(What to do):
Each line of the data below between the one containing "Ziploc Sandwich Seal" and the one containing "Black Low-Top Chunky", both included, is to be repeated exactly. Please omit pictures.

(Dataset extract):
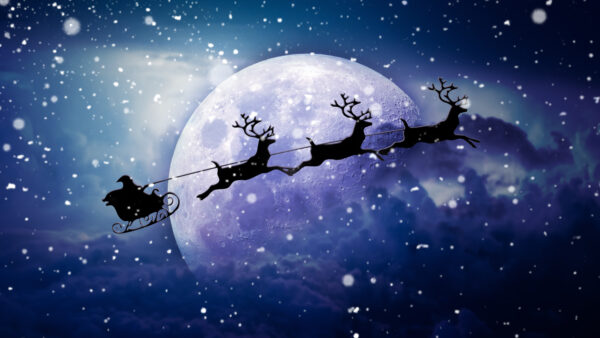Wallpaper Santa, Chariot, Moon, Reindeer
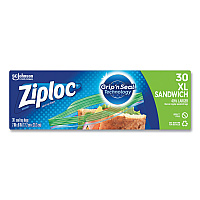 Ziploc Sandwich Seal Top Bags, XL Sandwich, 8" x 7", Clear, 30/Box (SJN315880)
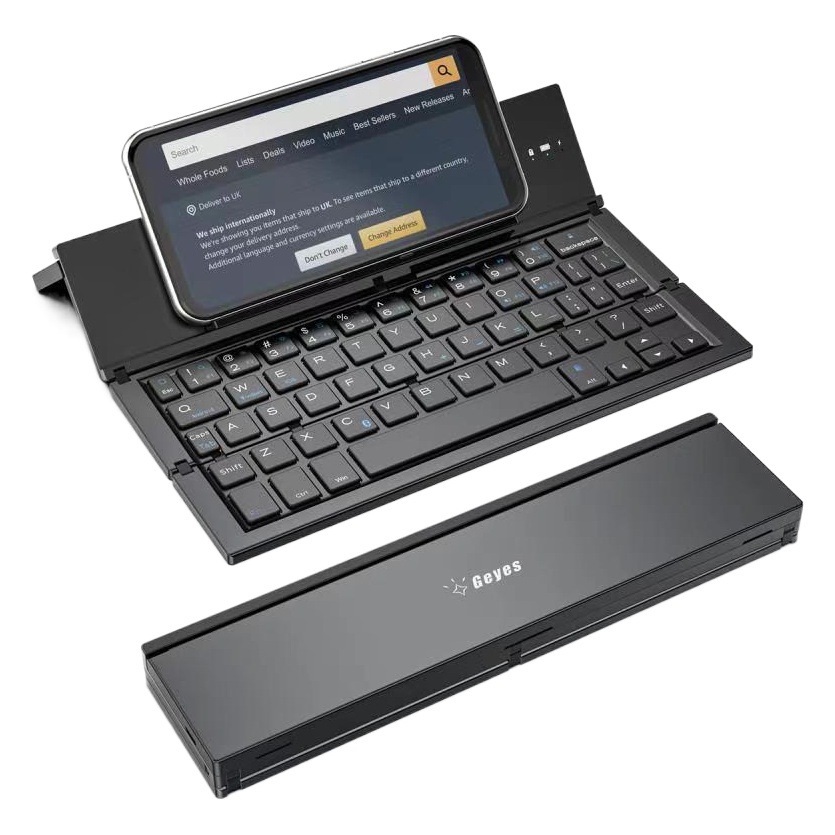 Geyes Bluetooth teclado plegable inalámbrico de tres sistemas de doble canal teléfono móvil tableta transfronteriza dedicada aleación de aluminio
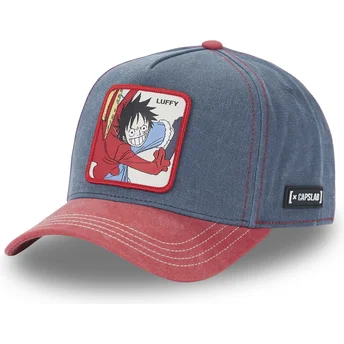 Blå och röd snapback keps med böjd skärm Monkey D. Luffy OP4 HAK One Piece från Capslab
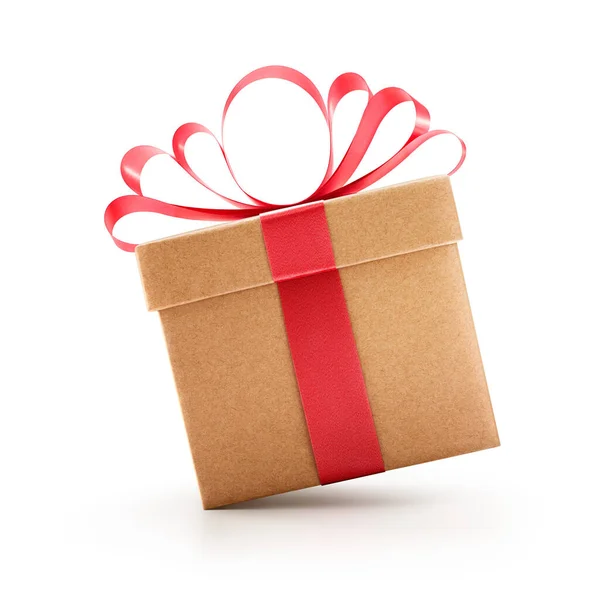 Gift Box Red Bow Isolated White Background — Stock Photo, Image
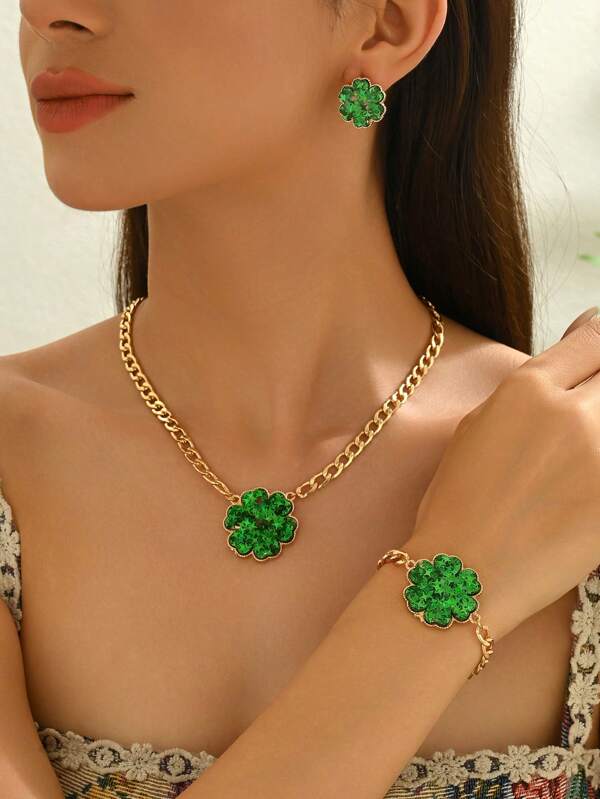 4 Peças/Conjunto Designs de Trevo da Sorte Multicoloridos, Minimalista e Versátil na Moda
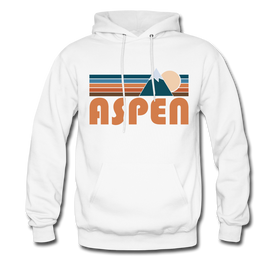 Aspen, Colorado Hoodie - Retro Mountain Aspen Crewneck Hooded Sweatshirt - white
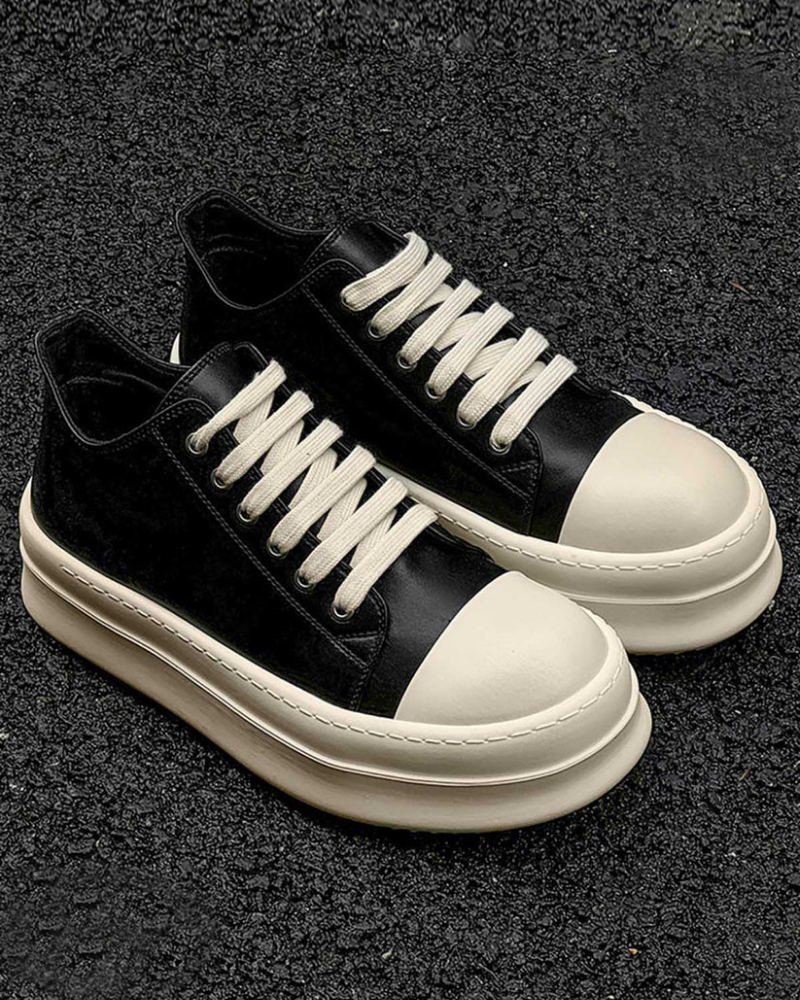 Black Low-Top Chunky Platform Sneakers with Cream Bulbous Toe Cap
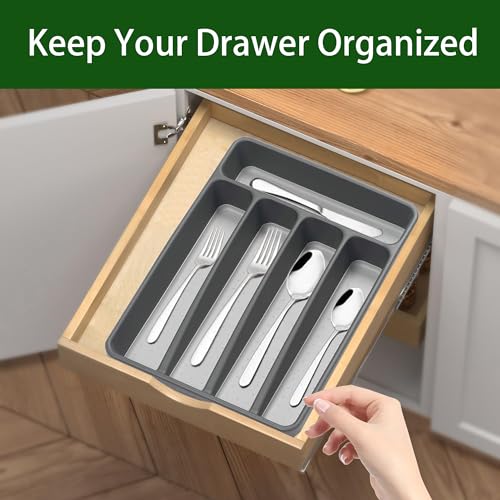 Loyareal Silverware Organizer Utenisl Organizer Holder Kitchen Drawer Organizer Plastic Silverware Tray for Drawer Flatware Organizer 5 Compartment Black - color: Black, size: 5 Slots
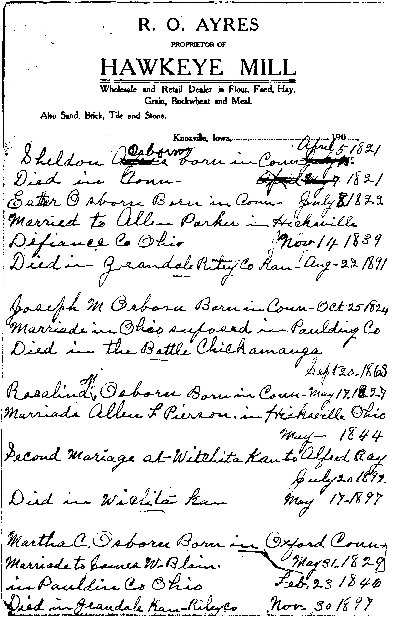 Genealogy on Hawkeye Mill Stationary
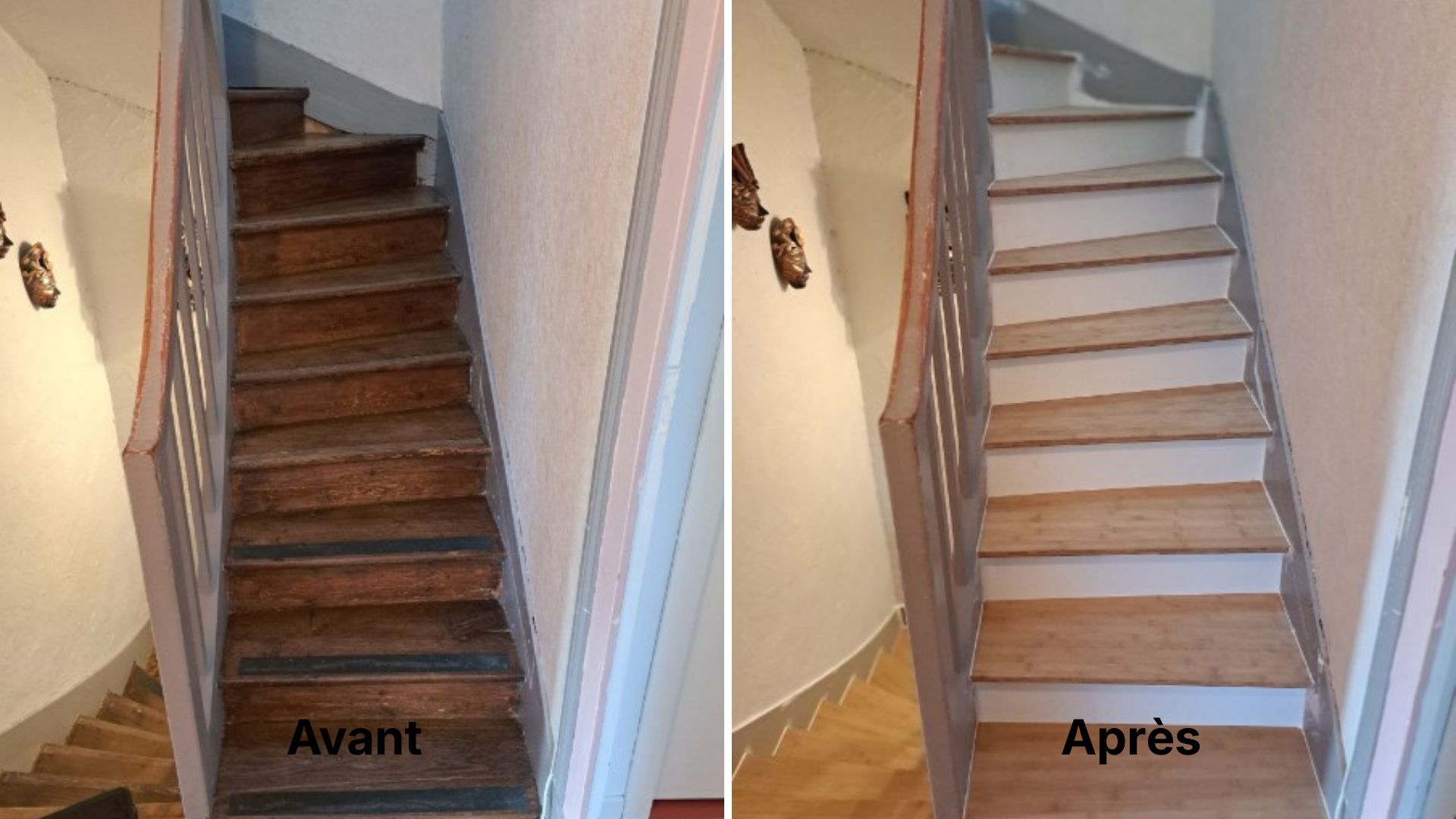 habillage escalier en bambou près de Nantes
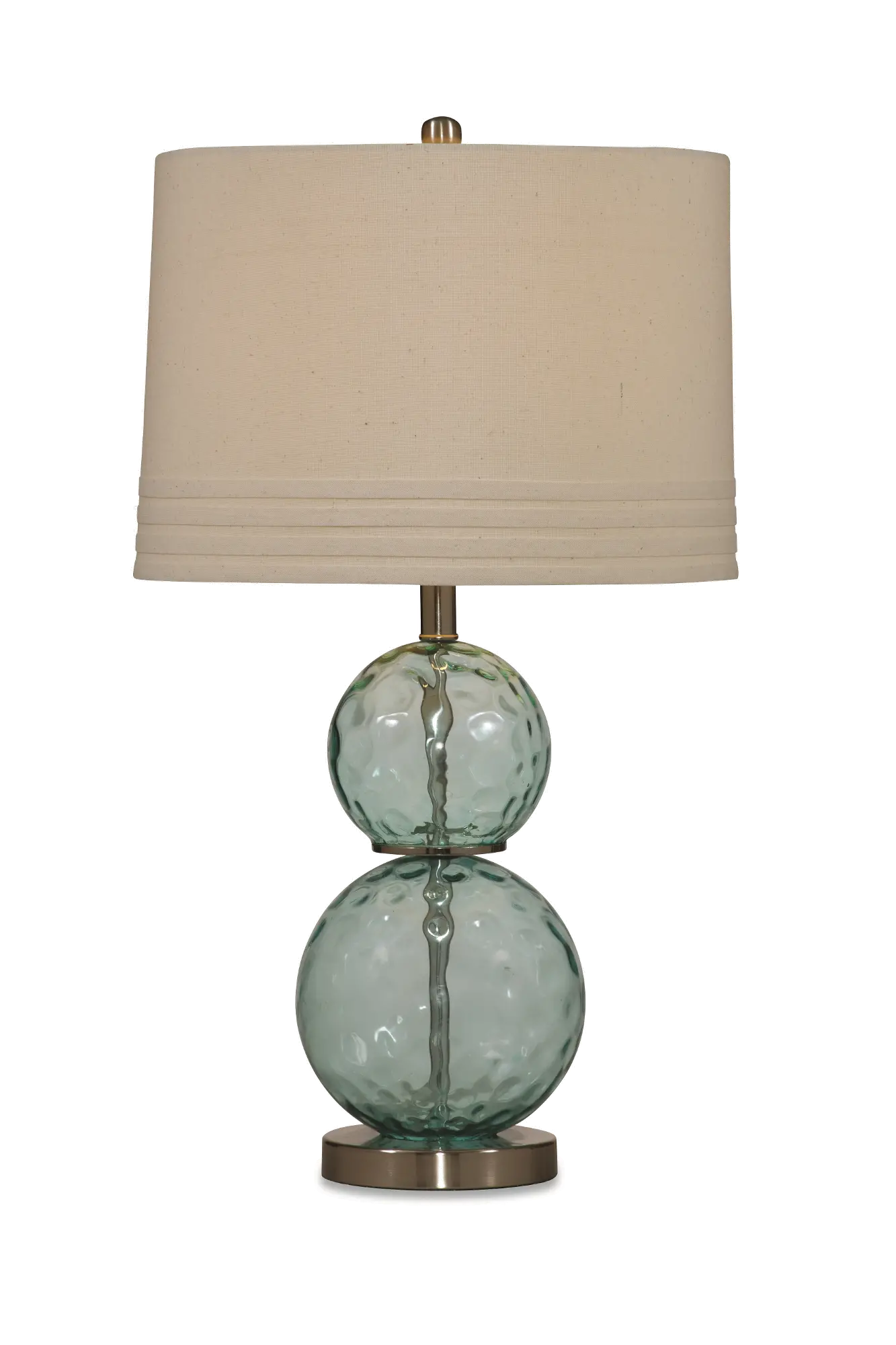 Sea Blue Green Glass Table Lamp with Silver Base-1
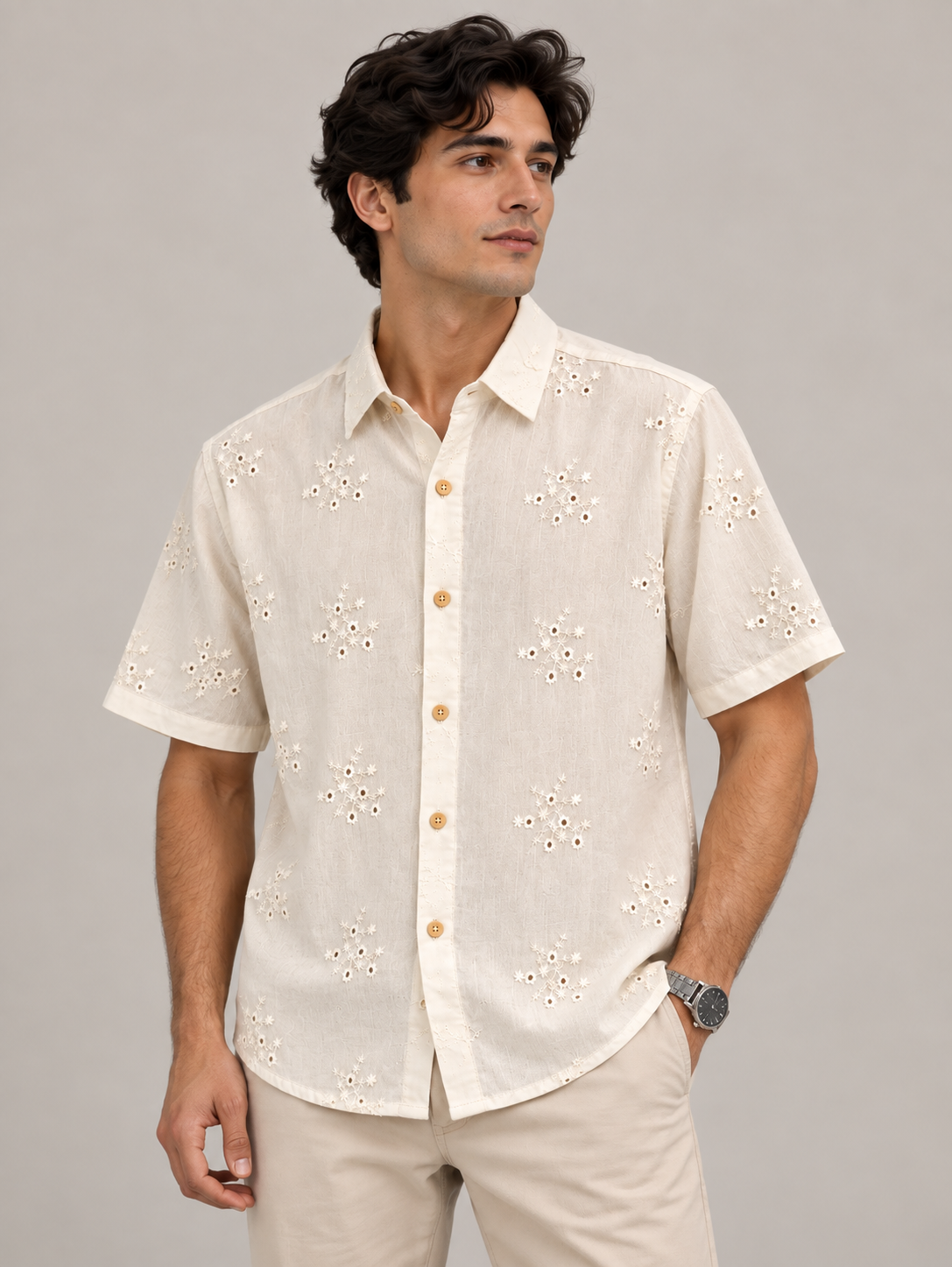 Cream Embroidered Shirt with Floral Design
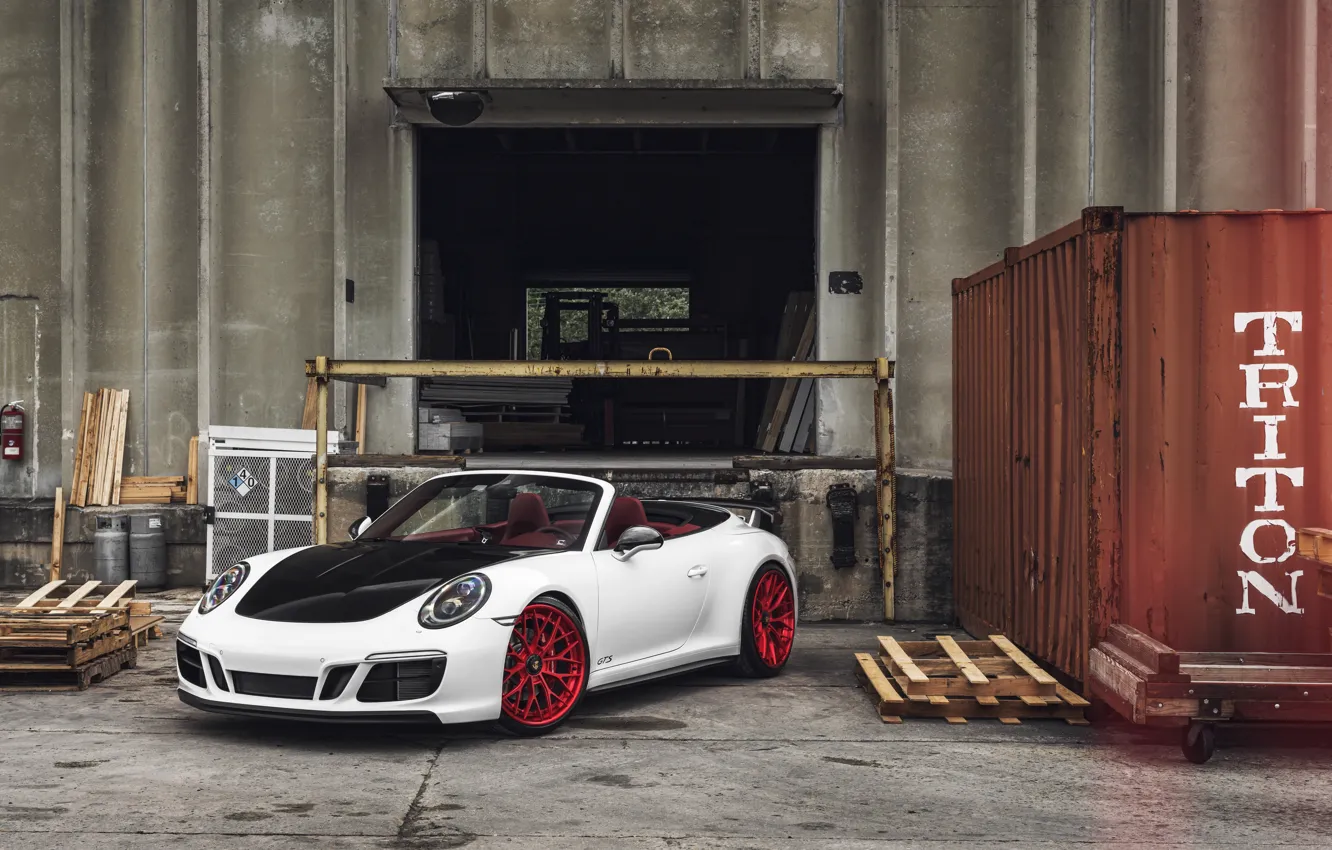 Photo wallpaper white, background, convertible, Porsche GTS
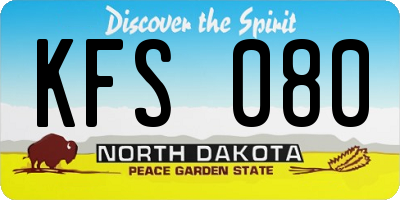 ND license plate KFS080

(Solution to the problem):
 Ziploc Sandwich Seal Top Bags, XL Sandwich, 8" x 7", Clear, 30/Box (SJN315880)
 Geyes Bluetooth teclado plegable inalámbrico de tres sistemas de doble canal teléfono móvil tableta transfronteriza dedicada aleación de aluminio
 Blå och röd snapback keps med böjd skärm Monkey D. Luffy OP4 HAK One Piece från Capslab
 Gift Box Red Bow Isolated White Background — Stock Photo, Image
 4 Peças/Conjunto Designs de Trevo da Sorte Multicoloridos, Minimalista e Versátil na Moda
 Aspen, Colorado Hoodie - Retro Mountain Aspen Crewneck Hooded Sweatshirt - white
 Black Low-Top Chunky Platform Sneakers with Cream Bulbous Toe Cap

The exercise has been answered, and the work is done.